O técnico de informática que terá roubado a password de uma procuradora para aceder a informações sobre processos que se encontram em segredo de justiça ficou preso preventivamente, enquanto o assessor jurídico do Benfica, Paulo Gonçalves, indiciado por o ter corrompido apenas está proibido de contactar os outros quatro arguidos do caso.

As medidas de coacção divulgadas pelas televisões foram conhecidas esta quarta-feira já depois das 22h30. Paulo Gonçalves saiu em liberdade, mas indiciado por um crime de corrupção e quatro de violação do segredo de justiça. Já o técnico de informática está indiciado por corrupção, quatro crimes de violação do segredo de justiça, um de falsidade informática e nove de acesso ilegítimo. 

Uma parte deles diz respeito aos acessos que terá feito ao inquérito dos emails com a password que pertencia a uma procuradora que está colocada no Departamento de Investigação e Acção Penal (DIAP) de Lisboa, mas se encontra destacada para investigar o caso da máfia do sangue que corre no Departamento Central de Investigação e Acção Penal.

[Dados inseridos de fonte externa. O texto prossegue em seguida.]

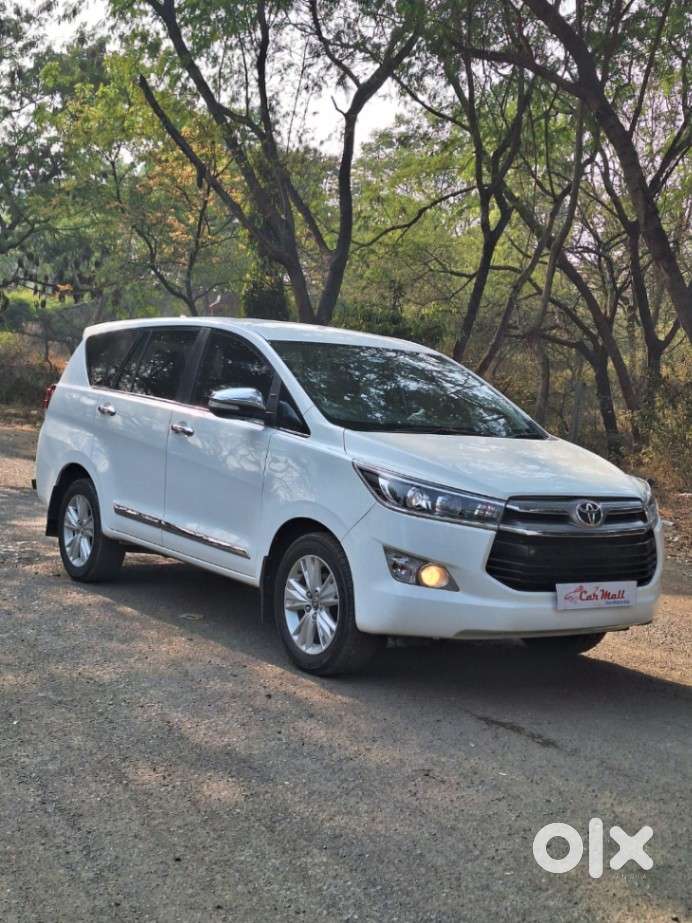Toyota Innova Crysta 2.8 Zx At 7 Seater, 2016, Diesel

A informação foi avançada pela revista Sábado e confirmada pelo PÚBLICO, que apurou que esta não terá sido a única password roubada pelo oficial de justiça que está em comissão de serviço no Instituto de Gestão Financeira e Equipamentos da Justiça (IGFEJ) e que faz parte de uma equipa que presta apoio informático aos tribunais da comarca de Braga.

A procuradora está há mais de ano e meio afastada do DIAP de Lisboa, já que foi destacada para assessorar a procuradora-geral distrital de Lisboa, Maria José Morgado. Pouco tempo depois acabou por ser requisitada em exclusivo para acompanhar o processo do sangue que envolve a farmacêutica Octapharma.

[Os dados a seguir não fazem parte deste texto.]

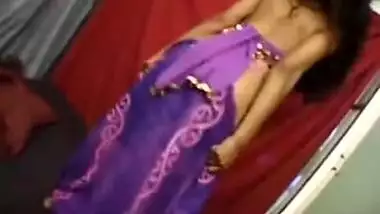 Indian Slut gets Pussy fucked and stretched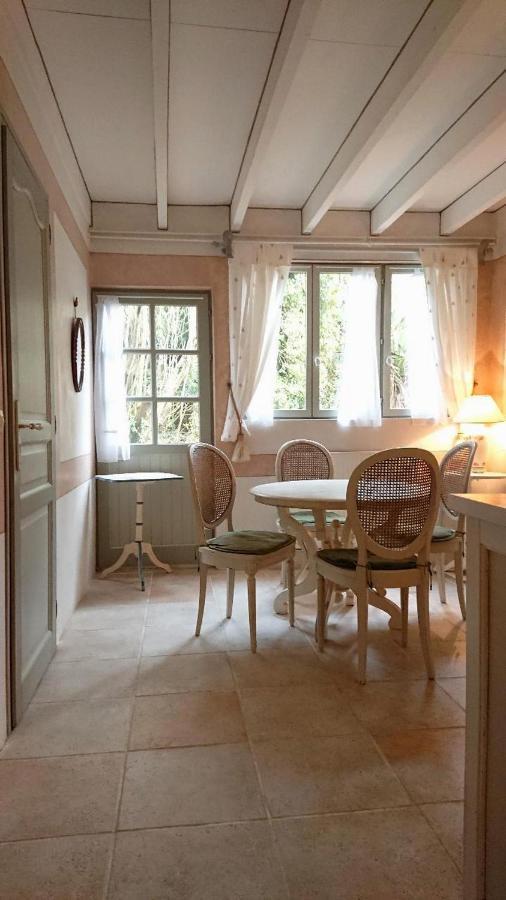 A L'Ombre Du Tilleul Daire Giverny Dış mekan fotoğraf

Apesar de não estar no DIAP de Lisboa há longos meses a magistrada continuava a possuir credenciais activas que lhe permitiriam aceder aos processos a correr naquele departamento, nomeadamente ao caso dos emails que tanto interesse suscita à cúpula do Benfica sobre quem recaem as suspeitas deste caso.

Uma fonte do IGFEJ explicou ao PÚBLICO que o acesso devia ser retirado a quem está fora de um departamento, mas adiantou que é “prática comum” tal não acontecer, o que terá facilitado o roubo da password. Nos tribunais, as senhas não têm prazo de validade, mantendo-se válidas por longos períodos sem necessidade de qualquer alteração. Os cartões que os magistrados possuem também só são obrigatórios no caso de um magistrado querer assinar electronicamente um despacho.

Todas as outras operações, nomeadamente a consulta e a impressão de documentos, são possíveis sem necessidade de cartão. E o acesso pode ser feito remotamente, como terá acontecido com o técnico que trabalhava na comarca de Braga.

Apanhado pelo endereço de IP

O rasto deixado pelas operações, nomeadamente o endereço IP do computador de onde foram ordenadas, terá permitido aos investigadores da Unidade Nacional de Combate à Corrupção da PJ chegar ao técnico que trabalha em Braga. Isto porque a leitura dos registos que ficam no sistema permitiu perceber que no mesmo computador num espaço de minutos eram feitas operações normais por um elemento da equipa local de Braga e a consulta de processos pendentes no DIAP de Lisboa.

Acessíveis ao técnico estariam igualmente os passos dados pelo DIAP de Lisboa relativamente às três queixas-crime apresentadas pelo Benfica e que o Ministério Público decidiu reunir num único inquérito, que, como o caso dos emails, corre na 9.ª secção daquele departamento.

No IGFEJ, que colaborou com a PJ nesta investigação, continua a ser um mistério como é que um técnico que trabalha em Braga conseguiu descobrir a password de uma magistrada que exerce as funções a mais de 300 quilómetros e com quem nunca se terá cruzado. As senhas são encriptadas e não estão acessíveis mesmo aos administradores de sistemas. Estes terão, no entanto, poderes para definir as permissões dos utilizadores o que poderá explicar como um oficial da justiça que trabalha na instância local criminal de Guimarães conseguiu aceder a registos de processos fora da sua comarca aos quais, em princípio, não deveria ter acesso.  

O inquérito, conhecido como E-Toupeira, centra-se em Paulo Gonçalves que é suspeito de pagar com favores e prendas informações sobre processos judiciais em curso. Os dados seriam transmitidos por três funcionários judiciais, um dos quais estava a trabalhar como técnico informático. Além deste, foram constituídos arguidos mais dois oficiais de justiça e um agente desportivo que serviria de intermediário entre os primeiros e o assessor do Benfica, levando informação e documentos para Lisboa e de lá trazendo convites e outras prendas.